The Joint Ministerial Monitoring Committee — composed of six OPEC and non-OPEC nations — agreed in Vienna on Wednesday to support an extension through March, according to a statement on the producer group’s website. That added to the backing for another nine months of production cuts from the most influential participants in the deal, including Russia, Saudi Arabia and Iraq.
The Organization of the Petroleum Exporting Countries and 11 non-members agreed last year to cut output by as much as 1.8 million barrels a day. The supply reductions were initially intended to last six months from January, but the slower-than-expected decline in surplus fuel inventories prompted the group to consider an extension. U. S. crude futures have rebounded by about 13 percent from a five-month low since Saudi Arabia proposed maintaining the curbs into 2018.
A Latin American competitor to Uber — called 99 — has raised $100 million from SoftBank of Japan to fuel growth, the Brazilian startup’s CEO said.
SoftBank will become a minority shareholder in the privately held 99, as ride-hailing service Didi Chuxing of China did when it backed the startup in January. SoftBank is also a major investor in Didi Chuxing.
The transaction, which was completed last week when Peter Fernandez, 99’s CEO, traveled to Tokyo and met with SoftBank founder Masayoshi Son, puts another obstacle in Uber’s path to success in emerging markets.
Federal Reserve officials signaled in discussions early this month that they will probably start reducing the Fed’s huge portfolio of bond holdings this year, which could cause borrowing rates to rise.
At the same time, the Fed appears to be on track to resume raising its key short-term interest rate when it next meets in mid-June.
The minutes of the Fed’s May 2-3 meeting, released Wednesday, show that officials not only discussed beginning a reduction of bond holdings this year but also expressed approval for a plan on how the bond sales should proceed.
The Fed would set a limit on the size of maturing bonds to be sold each month and a schedule for gradually raising the cap. The goal would be to minimize the effect of the bond sales on loan rates paid by consumers and businesses. Typically, a sell-off of the Fed’s bonds would gradually ripple through the economy and force up many borrowing rates.
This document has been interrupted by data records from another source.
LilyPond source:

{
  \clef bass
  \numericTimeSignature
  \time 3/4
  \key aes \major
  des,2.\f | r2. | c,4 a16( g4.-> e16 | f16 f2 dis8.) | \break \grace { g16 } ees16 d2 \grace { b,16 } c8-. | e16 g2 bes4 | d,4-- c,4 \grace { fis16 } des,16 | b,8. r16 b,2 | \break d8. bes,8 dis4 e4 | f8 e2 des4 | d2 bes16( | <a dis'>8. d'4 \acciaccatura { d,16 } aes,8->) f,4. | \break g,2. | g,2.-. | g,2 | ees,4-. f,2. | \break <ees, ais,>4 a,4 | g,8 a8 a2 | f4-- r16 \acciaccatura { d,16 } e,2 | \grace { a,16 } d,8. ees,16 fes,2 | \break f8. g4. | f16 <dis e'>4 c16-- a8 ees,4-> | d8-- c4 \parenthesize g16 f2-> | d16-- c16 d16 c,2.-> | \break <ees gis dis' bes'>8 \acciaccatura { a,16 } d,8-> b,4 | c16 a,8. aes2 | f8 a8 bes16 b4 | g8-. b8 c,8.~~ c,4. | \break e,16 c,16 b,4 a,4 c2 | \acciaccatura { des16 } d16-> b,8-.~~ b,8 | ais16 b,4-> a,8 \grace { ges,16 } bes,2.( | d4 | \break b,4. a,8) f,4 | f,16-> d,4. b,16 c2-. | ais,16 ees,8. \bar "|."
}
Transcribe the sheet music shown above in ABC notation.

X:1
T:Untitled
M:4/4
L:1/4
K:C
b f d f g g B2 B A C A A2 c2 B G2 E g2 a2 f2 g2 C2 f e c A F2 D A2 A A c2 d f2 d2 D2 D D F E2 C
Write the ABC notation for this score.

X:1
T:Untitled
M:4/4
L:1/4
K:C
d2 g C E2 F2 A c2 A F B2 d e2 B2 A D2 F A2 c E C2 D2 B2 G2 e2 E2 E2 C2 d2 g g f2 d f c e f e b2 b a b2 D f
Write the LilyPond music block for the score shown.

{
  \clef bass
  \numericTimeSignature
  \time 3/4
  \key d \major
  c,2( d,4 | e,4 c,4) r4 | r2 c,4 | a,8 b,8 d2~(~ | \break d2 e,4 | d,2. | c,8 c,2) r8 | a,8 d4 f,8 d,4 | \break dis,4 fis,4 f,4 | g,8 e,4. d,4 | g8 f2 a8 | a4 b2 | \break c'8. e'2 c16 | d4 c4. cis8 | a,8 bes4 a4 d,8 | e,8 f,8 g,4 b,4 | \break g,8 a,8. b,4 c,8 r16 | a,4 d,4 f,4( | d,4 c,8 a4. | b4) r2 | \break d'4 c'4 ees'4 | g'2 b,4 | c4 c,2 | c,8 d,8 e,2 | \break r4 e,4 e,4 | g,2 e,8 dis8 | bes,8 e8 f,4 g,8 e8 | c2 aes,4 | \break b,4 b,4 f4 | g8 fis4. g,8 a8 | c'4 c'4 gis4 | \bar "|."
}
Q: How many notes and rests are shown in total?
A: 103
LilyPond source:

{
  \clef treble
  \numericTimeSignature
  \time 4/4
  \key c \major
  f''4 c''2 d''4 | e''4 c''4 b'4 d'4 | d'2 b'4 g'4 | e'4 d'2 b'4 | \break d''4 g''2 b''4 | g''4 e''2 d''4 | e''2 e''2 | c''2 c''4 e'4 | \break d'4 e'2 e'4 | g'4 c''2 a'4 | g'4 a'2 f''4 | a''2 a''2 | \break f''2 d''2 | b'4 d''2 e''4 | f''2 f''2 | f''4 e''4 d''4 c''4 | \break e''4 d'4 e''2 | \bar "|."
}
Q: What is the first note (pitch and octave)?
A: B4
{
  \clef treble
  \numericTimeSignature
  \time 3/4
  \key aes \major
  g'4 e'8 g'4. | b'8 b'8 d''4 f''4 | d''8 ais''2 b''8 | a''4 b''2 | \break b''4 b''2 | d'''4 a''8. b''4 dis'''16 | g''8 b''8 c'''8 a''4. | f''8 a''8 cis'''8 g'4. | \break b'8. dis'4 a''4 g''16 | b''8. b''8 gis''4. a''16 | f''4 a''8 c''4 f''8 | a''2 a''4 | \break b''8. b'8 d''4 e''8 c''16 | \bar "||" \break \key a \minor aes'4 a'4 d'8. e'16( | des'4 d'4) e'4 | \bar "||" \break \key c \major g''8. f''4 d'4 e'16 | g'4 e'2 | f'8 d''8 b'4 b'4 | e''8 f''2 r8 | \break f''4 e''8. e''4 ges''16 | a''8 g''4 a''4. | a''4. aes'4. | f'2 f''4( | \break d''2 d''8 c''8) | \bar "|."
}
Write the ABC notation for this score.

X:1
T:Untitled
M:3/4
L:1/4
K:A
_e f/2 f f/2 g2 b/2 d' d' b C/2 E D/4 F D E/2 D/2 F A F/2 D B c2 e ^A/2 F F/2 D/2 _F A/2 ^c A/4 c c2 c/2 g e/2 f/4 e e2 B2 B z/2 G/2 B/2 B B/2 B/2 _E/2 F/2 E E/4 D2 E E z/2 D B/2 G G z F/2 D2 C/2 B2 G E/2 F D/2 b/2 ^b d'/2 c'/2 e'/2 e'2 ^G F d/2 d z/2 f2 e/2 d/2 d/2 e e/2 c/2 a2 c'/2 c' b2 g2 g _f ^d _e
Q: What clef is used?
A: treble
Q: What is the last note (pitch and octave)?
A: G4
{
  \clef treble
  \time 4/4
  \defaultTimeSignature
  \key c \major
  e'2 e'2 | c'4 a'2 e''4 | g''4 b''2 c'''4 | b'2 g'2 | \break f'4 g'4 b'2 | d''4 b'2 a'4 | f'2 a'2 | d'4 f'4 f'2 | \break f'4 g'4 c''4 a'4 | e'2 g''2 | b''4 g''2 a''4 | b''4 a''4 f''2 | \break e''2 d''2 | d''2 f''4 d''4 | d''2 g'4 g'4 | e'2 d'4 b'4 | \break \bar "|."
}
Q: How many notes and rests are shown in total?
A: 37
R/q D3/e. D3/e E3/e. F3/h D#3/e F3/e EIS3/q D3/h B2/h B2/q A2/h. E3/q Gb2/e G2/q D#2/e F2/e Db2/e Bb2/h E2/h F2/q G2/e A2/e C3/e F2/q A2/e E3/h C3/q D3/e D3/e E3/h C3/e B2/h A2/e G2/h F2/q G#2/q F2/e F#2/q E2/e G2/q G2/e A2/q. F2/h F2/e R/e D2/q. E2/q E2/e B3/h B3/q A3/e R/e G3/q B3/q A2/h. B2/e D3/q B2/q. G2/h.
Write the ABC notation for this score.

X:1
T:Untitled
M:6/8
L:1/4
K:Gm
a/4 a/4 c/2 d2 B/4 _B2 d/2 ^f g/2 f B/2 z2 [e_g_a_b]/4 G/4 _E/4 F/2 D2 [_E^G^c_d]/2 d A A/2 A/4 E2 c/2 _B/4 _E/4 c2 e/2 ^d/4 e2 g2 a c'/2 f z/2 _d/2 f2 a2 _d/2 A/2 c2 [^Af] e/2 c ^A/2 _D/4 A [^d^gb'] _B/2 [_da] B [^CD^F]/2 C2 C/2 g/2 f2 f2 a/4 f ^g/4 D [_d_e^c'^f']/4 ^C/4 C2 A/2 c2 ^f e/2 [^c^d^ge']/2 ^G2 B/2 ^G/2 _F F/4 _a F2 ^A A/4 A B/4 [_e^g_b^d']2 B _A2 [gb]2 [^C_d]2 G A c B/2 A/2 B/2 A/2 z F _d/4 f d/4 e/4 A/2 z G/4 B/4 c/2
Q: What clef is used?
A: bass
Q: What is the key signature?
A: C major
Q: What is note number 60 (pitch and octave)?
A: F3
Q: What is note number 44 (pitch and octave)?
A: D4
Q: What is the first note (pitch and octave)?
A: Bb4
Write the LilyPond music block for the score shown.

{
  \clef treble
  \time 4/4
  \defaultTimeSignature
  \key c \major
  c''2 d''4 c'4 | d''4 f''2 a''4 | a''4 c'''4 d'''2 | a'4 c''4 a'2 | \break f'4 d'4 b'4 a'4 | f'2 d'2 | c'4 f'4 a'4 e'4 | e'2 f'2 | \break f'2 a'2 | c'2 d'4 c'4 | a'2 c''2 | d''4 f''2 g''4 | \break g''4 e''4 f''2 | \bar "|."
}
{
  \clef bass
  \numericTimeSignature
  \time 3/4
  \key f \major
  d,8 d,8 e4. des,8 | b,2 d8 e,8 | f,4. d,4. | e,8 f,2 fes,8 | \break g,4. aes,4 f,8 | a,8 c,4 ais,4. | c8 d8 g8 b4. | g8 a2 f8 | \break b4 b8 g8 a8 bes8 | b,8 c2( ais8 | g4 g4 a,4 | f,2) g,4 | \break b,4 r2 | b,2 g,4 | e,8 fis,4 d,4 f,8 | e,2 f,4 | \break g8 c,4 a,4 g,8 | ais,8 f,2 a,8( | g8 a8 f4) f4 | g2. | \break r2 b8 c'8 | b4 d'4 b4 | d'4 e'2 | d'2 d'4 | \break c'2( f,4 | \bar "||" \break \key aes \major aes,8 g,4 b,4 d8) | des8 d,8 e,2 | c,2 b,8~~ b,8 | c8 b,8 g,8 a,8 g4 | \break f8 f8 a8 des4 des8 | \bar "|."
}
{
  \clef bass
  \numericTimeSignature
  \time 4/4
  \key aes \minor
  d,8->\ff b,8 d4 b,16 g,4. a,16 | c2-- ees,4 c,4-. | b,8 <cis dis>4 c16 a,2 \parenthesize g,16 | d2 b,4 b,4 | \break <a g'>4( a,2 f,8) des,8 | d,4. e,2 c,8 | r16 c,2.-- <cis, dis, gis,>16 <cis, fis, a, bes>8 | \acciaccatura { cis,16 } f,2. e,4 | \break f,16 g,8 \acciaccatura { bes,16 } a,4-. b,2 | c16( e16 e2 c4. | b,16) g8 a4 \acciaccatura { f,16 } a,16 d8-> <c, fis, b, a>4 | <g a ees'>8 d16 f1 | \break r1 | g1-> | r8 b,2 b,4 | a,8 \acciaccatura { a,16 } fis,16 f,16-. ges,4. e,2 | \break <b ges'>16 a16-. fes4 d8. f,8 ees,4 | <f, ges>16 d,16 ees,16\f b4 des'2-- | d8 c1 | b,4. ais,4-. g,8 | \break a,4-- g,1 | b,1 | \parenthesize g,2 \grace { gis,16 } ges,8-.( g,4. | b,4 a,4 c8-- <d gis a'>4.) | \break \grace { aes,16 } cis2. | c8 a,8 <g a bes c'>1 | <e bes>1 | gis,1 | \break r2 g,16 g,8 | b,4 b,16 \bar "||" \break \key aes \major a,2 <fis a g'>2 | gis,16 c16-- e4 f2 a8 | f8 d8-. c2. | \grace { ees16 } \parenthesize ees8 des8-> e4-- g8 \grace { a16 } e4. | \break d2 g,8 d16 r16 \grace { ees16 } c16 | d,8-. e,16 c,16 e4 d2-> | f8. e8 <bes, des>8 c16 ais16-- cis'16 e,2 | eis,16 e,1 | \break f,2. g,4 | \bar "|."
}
The first signal from the Fed in April that it was considering a move to start reducing its $4.5 trillion portfolio this year had initially jolted investors.
Johnson & Johnson has reached a $33 million settlement with 42 states including California, resolving allegations that the health care giant sold nonprescription medicines that didn’ t meet federal quality standards.
The settlement was announced Wednesday by attorneys general from the states. The case dates to 2009, when Johnson & Johnson began dozens of voluntary recalls of popular over-the-counter medicines for children and adults, including Tylenol, Motrin and Benadryl.
Those and several other products made at J&J factories in Puerto Rico and suburban Philadelphia were recalled because of problems including unpleasant smells that nauseated some people, tiny metal shards in liquid medicines and wrong ingredient levels. Many products weren’ t available in stores for years, and Johnson & Johnson had to raze and rebuild a factory in Fort Washington, Pa.
The company said it is pleased to finalize the settlement and noted that the recalls had been precautionary.
The settlement requires Johnson & Johnson to pay a total of $33 million, which is being divided among the District of Columbia and the 42 states that joined in the case. The states not participating are: Alabama, Georgia, Iowa, Mississippi, Oklahoma, Oregon, Utah and Wyoming.
According to court documents, attorneys general sued Johnson & Johnson because they considered its marketing of substandard nonprescription medicines to be fraudulent or otherwise illegal. The products, which also included St. Joseph aspirin, Sudafed, Pepcid, Mylanta, Rolaids, Zyrtec and Zyrtec Eye Drops, did not meet U. S. quality requirements for drug manufacturing.